So after watching several YouTube videos on brazing and soldering with lead free (brush-on flux solder), I decided to give it a go. I brushed the flux on after some rigorous cleaning with acetone and steel wool. I applied heat off to one side so I wouldn't burn the flux, but it still charred and oxidized the brass before I could get it hot enough to stick. And then it would puddle up and fall right off. Tried again, same thing. So what I ended up doing was heating the brass up, clean it off while hot, then apply flux (which still boiled) and while directly applying heat I applied the solder. You have to be quick, otherwise it'll oxidize the brass and the solder falls right off again.

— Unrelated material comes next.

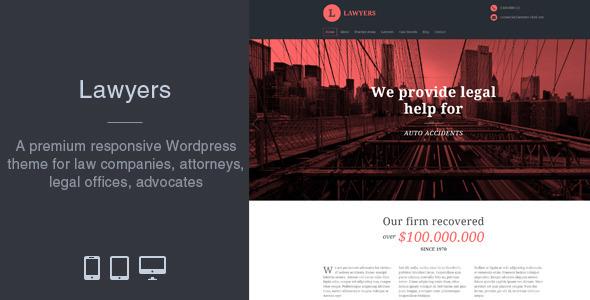 Lawyers Responsive Business WordPress Theme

I applied a very light coat, just enough to get coverage all around. I didn't measure it, since I knew it would be uneven. I chucked the shaft up in my drill press and used a medium file to knock down the high spots, then a small hobby file to smooth it out. First measurement was 0.235. Originally the worn down spot measured 0.215", so I added approximately 0.020" of solder (after getting the high spots knocked down). I decided to aim for 0.001" of clearance, so add 0.006" to 0.215" and I came up with 0.221". So away I went with the files and stopped every few minutes or so to see how far I got. Patience is an absolute must here. I stopped when the shaft got down to 0.222". I pulled out the polishing cloth and mirror-shined another 0.001" away. Exactly 0.001" of clearance.

I gave it a go in the bore and found that it was a little too tight. Turns, but not too freely. So I knocked it down another 0.001. Better, but not buttery smooth. Another 0.001 and it felt awesome! I could barely feel any wiggle in the shaft, and it rotated so much more smooth than before. I put it all back together and fired it up.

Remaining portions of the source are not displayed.